武蔵野の、ケヤキの大木が多く見られる古い街道といえば、既に紹介している横倉邸のケヤキ並木がある人見街道や、竹内家の大ケヤキがいる青梅街道、そしてこの五日市街道などが挙げられます。砂川には無名ながら多くのケヤキがいると聞き、あてもなく出掛けてみました。
さすがに今の時代、ケヤキを大事に残しているところはそう多くありません。もともと建材を当てにしてる部分もあって、切られる運命にある樹とも言えるからです。同じ五日市街道沿いでも、国分寺市内では落ち葉の苦情が相次ぎ、ケヤキが切られてしまったという悲しい話も聞きます。砂川地区とてそのような事情は同じでしょう。しかし、やはりいるところにはいるものです。砂川三番と呼ばれる地域、五日市街道と大山道の交差点に、歩道にはみ出す(いや、本当は歩道が後からできたのだ)ようにして立つケヤキの巨木に出会いました。
幹周5m前後、高さは30mほどでしょうか。20mくらいの高さまで枝がなく、まっすぐに伸びた幹がとても美しい樹です。

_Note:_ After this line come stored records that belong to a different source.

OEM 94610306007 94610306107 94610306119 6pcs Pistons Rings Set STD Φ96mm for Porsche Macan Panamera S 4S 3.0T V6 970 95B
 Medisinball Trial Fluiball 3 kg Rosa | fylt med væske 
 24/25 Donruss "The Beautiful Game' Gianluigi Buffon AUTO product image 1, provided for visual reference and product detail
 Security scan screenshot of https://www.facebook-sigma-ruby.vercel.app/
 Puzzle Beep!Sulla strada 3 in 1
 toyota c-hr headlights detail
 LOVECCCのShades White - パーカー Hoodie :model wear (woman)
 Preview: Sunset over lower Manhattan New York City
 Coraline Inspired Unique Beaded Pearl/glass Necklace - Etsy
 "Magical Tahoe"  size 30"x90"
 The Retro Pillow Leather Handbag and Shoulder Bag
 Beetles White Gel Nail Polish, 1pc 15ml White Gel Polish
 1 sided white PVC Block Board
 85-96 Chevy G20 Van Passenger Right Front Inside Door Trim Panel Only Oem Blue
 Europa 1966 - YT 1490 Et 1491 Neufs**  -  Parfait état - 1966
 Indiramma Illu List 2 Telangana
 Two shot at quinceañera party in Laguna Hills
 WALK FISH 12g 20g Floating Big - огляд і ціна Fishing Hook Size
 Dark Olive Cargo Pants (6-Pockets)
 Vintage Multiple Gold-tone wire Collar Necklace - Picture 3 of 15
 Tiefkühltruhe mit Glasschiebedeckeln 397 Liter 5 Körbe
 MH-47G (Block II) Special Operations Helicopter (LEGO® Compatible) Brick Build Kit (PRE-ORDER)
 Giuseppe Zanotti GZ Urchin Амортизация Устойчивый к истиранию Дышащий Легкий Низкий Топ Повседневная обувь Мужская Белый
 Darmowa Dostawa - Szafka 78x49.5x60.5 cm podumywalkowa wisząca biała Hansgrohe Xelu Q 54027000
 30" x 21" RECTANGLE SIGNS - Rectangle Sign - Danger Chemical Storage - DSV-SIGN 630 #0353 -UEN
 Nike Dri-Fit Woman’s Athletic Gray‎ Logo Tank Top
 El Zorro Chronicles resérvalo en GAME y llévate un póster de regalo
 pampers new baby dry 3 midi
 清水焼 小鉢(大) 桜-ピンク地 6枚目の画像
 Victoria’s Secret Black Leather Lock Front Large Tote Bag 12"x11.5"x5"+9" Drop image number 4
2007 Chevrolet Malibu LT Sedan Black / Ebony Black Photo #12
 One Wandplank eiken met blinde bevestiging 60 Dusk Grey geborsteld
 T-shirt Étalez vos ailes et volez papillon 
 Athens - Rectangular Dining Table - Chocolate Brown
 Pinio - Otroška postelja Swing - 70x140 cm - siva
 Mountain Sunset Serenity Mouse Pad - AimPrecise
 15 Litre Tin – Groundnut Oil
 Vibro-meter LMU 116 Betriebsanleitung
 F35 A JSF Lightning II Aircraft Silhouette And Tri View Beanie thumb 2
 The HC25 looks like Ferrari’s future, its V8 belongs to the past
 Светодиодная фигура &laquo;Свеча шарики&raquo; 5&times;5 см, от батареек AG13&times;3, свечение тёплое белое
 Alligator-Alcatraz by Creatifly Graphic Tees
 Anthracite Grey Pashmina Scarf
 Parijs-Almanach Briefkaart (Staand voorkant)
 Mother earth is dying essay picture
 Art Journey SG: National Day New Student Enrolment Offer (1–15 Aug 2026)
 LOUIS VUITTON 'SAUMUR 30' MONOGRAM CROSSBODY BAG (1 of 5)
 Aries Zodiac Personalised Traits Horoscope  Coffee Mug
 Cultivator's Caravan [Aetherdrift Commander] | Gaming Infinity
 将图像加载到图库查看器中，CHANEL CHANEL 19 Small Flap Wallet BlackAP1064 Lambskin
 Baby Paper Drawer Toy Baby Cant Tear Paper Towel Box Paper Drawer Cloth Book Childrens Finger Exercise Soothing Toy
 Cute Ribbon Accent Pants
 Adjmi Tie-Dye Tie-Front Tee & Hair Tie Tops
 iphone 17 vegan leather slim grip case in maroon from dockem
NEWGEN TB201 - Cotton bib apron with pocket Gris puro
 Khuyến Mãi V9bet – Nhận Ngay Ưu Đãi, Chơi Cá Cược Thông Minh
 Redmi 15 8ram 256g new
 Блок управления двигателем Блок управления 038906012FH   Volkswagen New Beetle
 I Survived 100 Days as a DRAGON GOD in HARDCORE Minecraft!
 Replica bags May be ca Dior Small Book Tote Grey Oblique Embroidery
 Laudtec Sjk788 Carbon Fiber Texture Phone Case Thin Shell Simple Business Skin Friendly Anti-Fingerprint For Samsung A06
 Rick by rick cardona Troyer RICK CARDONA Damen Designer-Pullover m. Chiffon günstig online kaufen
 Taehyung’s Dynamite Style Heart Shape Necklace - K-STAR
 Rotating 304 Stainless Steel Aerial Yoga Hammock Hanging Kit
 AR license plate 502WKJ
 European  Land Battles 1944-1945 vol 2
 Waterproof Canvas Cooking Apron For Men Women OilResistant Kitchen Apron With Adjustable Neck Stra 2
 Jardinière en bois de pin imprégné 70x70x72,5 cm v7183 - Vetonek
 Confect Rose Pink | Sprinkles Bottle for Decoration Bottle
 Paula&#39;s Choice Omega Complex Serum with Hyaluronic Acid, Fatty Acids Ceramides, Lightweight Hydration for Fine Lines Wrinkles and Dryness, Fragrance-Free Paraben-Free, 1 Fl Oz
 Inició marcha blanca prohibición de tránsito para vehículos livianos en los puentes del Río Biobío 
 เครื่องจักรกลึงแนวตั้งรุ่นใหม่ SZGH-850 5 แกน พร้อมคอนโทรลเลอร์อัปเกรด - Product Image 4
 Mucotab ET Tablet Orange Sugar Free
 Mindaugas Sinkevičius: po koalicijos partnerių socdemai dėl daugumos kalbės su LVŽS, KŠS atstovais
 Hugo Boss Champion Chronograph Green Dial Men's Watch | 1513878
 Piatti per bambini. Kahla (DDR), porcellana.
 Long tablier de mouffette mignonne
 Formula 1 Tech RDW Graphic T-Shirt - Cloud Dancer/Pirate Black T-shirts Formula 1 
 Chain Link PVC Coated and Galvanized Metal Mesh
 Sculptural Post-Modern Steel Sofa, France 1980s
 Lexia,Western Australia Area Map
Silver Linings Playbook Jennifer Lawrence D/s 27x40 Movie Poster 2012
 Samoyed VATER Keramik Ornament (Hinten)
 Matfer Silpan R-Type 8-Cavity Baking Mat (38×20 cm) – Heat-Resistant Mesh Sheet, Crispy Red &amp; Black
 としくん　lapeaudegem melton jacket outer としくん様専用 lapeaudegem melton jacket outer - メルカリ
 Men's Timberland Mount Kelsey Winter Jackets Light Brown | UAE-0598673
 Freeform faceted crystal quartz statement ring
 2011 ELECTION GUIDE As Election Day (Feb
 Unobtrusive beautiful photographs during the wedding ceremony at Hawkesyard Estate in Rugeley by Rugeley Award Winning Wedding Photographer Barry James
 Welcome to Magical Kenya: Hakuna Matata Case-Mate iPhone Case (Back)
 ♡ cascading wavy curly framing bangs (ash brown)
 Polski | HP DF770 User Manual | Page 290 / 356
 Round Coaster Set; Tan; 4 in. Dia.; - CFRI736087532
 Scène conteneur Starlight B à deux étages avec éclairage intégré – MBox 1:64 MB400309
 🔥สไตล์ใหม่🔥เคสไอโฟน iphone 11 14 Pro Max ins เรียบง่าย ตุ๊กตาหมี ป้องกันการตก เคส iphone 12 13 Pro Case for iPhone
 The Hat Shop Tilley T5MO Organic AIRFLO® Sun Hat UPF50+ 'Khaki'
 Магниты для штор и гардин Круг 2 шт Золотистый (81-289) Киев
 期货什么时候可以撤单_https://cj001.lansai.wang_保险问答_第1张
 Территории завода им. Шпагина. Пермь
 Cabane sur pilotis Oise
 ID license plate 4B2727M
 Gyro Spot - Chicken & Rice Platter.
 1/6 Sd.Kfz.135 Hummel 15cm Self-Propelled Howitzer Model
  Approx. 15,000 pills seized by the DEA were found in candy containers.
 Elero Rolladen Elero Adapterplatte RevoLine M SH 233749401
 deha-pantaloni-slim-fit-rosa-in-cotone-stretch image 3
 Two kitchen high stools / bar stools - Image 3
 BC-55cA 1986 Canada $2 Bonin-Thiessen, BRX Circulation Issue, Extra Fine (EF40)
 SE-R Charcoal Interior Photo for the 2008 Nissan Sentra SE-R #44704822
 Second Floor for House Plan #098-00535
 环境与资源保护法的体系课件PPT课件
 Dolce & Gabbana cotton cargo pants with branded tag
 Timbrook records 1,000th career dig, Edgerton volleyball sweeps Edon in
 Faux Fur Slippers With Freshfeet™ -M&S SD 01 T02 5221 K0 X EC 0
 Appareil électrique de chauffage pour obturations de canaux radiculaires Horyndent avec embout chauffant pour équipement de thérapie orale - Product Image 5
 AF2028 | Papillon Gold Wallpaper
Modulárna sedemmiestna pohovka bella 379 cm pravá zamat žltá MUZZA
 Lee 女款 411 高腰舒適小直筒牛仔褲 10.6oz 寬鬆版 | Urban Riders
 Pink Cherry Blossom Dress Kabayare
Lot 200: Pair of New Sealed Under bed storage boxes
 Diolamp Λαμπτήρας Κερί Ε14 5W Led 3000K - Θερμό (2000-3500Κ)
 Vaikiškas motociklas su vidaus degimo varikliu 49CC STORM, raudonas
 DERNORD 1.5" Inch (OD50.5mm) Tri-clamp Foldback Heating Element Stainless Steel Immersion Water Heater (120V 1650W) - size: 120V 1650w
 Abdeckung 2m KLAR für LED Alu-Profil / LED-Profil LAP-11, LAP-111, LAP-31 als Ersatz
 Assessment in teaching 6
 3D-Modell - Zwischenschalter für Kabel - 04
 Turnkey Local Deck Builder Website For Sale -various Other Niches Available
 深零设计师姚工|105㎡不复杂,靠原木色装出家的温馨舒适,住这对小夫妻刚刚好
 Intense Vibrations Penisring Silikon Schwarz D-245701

すぐ近くの民家には、さらに大きなケヤキの存在が知られている屋敷林があります※。また、その向かいの流泉寺にも、大きなケヤキやイチョウがいて、砂川の凄さを感じさせます。しかし、五日市街道は2車線ながら幹線道路で、多くのトラックなどが行き交う道です。大気汚染に弱いケヤキのこと、いつまでも健康でいてほしいものですが、ちょっとこの地域の空気はそれほどには良くないように感じました。